RECORD SET:
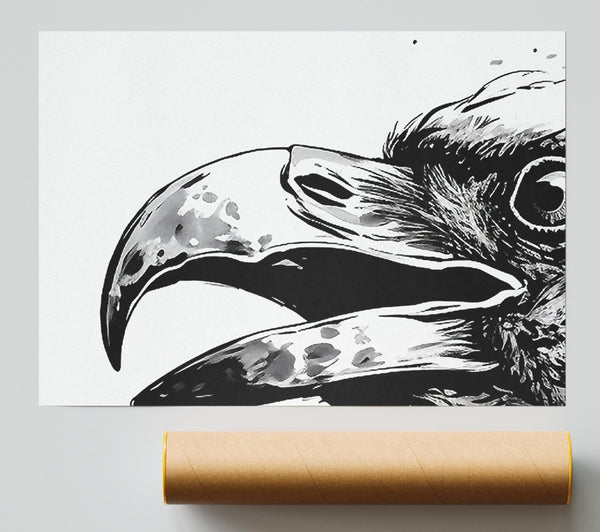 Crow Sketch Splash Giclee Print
---
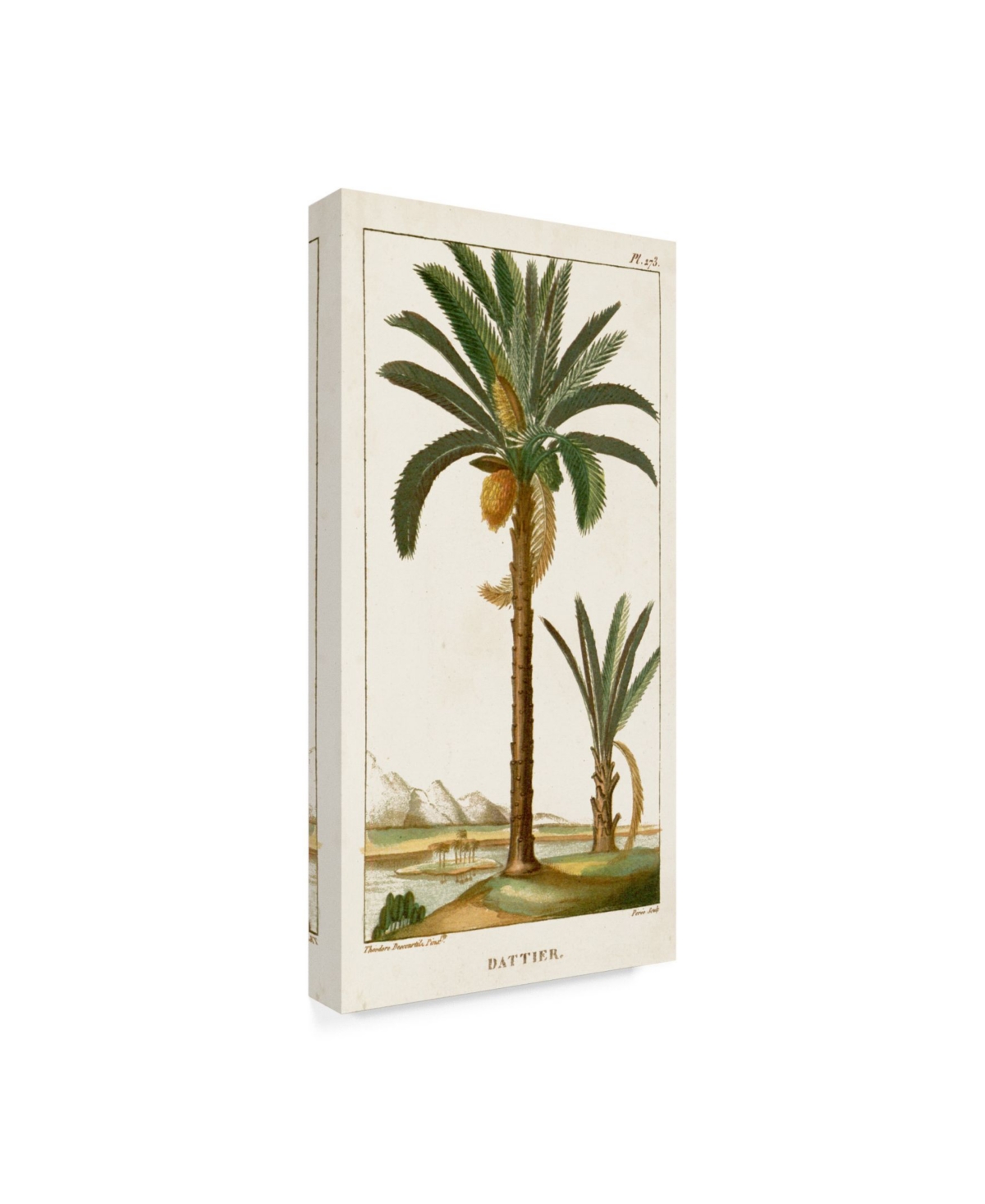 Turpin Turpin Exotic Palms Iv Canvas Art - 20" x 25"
* * *
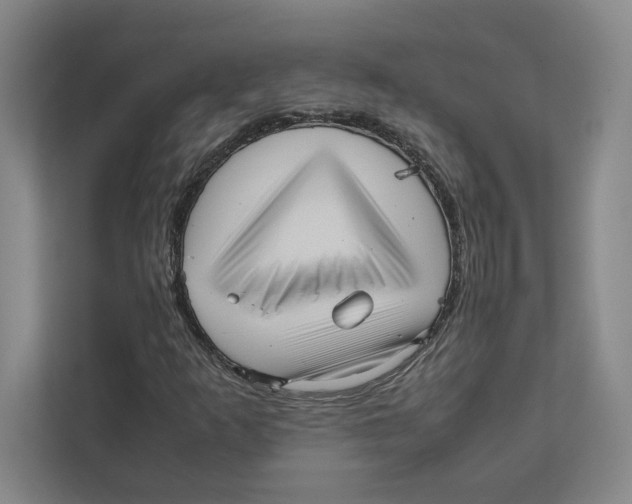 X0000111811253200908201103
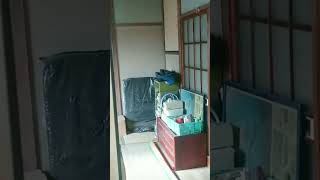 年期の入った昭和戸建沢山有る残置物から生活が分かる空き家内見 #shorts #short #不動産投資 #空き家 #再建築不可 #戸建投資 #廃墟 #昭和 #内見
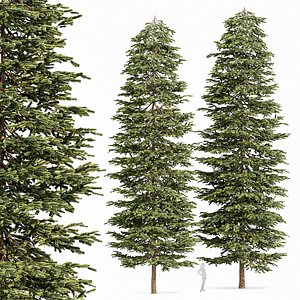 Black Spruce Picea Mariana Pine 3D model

WHAT YOU NEED TO DO:
The answer must be the part of the records that opens with the line containing "X0000111811253200908201103" and closes with the line containing "Black Spruce Picea Mariana Pine 3D model", reproduced exactly, with no pictures.

REPLY TO THE TASK:
 X0000111811253200908201103
 年期の入った昭和戸建沢山有る残置物から生活が分かる空き家内見 #shorts #short #不動産投資 #空き家 #再建築不可 #戸建投資 #廃墟 #昭和 #内見
 Black Spruce Picea Mariana Pine 3D model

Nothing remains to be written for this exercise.